We talked to the rapper/producer duo about their bummed-the-fuck-out masterpiece, growing up in apartheid, and—of course—Yeezus.
Though NYC/DC rapper Billy Woods has been a name in the indie scene for years, but it was the release of his most recent full-length, History Will Absolve Me, that cemented Woods as a favorite emerging artist of motherfuckers in-the-know. Blockhead is a New York producer who, besides doing a number of albums with Aesop Rock, has been making, basically, the only instrumental hip hop records anyone actually listens to. The album they did together is called Dour Candy. It’s a bummed-the-fuck-out masterpiece.
I like artists who live within a tradition. That’s not to say that I abhor the avant garde or despise newness for the sake of hating it, but I like men and woman who make art within a larger scheme, be it their musical forbearers and the influence that lineage holds, or just, you know, big old history. Billy Woods is the son of revolutionaries spanning from Zimbabwe to DC to Jamaica to Brooklyn. Blockhead is the son of "old school" (as a term with actual meaning, predating the early 90s) boho New York. They both come from the American off-center intelligentsia that sidelined history—the real history—is written about. That they both, before ever knowing each other, continued this history, individually making music that hued close to numerous traditions, looked forward within those traditions, and still appealed to heads on the street is all sorts of Fievel in America levels of beautiful. That they decided to make an album together is just a goddamned gift.
I talked to both dudes for a few hours after we saw The Iceman (see appendix for their capsule reviews), the kind of Lifetime movie version of the famed New Jersey mass murderer. High points of the day were that Winona Ryder was actually pretty decent in the movie, Billy Woods talking about how where he lived in NYC in the 80s seemed like it had more homeless than Harare, and watching Blockhead and Billy Woods split a hot fudge sundae. Cuter than a sack full of baby hedgehogs.

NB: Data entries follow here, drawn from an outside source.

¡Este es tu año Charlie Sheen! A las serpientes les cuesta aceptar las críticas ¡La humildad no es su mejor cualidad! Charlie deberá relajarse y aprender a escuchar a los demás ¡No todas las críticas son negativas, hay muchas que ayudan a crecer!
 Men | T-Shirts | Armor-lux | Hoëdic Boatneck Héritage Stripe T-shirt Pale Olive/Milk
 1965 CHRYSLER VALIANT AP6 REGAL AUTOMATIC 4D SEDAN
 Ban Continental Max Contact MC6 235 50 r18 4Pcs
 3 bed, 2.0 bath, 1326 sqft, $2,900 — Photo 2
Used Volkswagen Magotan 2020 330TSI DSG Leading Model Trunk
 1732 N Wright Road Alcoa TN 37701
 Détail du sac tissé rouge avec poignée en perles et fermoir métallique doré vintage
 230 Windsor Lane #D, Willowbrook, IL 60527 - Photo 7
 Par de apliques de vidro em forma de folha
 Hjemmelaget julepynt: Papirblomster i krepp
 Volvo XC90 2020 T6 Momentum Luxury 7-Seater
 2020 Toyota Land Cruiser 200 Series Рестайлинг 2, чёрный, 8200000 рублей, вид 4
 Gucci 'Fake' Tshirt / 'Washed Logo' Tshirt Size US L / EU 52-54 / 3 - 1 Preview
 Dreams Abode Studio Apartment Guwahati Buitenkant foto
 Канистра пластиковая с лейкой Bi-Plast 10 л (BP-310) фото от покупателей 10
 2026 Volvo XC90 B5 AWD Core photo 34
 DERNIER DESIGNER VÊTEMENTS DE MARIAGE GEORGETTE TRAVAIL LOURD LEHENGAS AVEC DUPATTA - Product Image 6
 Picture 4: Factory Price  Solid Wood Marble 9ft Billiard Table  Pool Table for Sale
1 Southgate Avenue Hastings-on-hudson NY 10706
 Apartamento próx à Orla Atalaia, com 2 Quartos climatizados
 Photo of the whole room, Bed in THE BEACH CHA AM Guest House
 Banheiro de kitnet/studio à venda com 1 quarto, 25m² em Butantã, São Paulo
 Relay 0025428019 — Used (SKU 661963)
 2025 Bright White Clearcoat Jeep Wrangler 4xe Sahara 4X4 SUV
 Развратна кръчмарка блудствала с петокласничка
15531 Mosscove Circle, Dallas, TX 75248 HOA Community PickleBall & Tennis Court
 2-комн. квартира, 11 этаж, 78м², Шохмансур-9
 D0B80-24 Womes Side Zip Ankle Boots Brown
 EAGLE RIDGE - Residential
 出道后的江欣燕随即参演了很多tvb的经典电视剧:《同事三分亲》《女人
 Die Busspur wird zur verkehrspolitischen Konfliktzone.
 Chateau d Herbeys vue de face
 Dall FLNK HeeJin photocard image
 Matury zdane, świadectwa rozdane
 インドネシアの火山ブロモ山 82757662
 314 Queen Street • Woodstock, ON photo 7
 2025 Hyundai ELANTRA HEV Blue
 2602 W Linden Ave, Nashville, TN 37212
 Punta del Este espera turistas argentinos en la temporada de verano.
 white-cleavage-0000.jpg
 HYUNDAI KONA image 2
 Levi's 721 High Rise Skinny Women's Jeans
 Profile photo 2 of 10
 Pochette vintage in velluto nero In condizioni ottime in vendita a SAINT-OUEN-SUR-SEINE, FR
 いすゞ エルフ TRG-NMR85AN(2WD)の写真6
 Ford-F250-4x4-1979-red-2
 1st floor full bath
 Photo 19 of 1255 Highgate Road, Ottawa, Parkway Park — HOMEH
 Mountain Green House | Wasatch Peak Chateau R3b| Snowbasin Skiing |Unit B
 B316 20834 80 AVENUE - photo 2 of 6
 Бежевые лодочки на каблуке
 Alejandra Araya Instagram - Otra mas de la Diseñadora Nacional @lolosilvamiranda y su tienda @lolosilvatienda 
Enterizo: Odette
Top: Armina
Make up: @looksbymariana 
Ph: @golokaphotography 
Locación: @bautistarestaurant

Billy is an incredibly fascinating and expansive guy. His lyrics jump from romance-gone-noir levels of bad to post-colonial Africa in one song, often within one bar, so talking to him is a lot like that; a whirlwind of references. Blockhead just leaned back and watched, clearly enjoying himself and occasionally interjecting with basketball references that I didn’t understand but that made Woods laugh. I played with my silverware any time they went in on the various intricacies of mid-90s second string Knicks. The two of them, though they’ve really only become friends over the recording of their record, have an easy rapport. This probably comes from the collaboration coming out of a mutual appreciation, rather than any long-standing scene association. Blockhead heard one of Woods’ mixtapes and then, around the time of Body of Work, reached out to him. Woods, already a fan of Block’s work both solo and with Aesop Rock, readily agreed.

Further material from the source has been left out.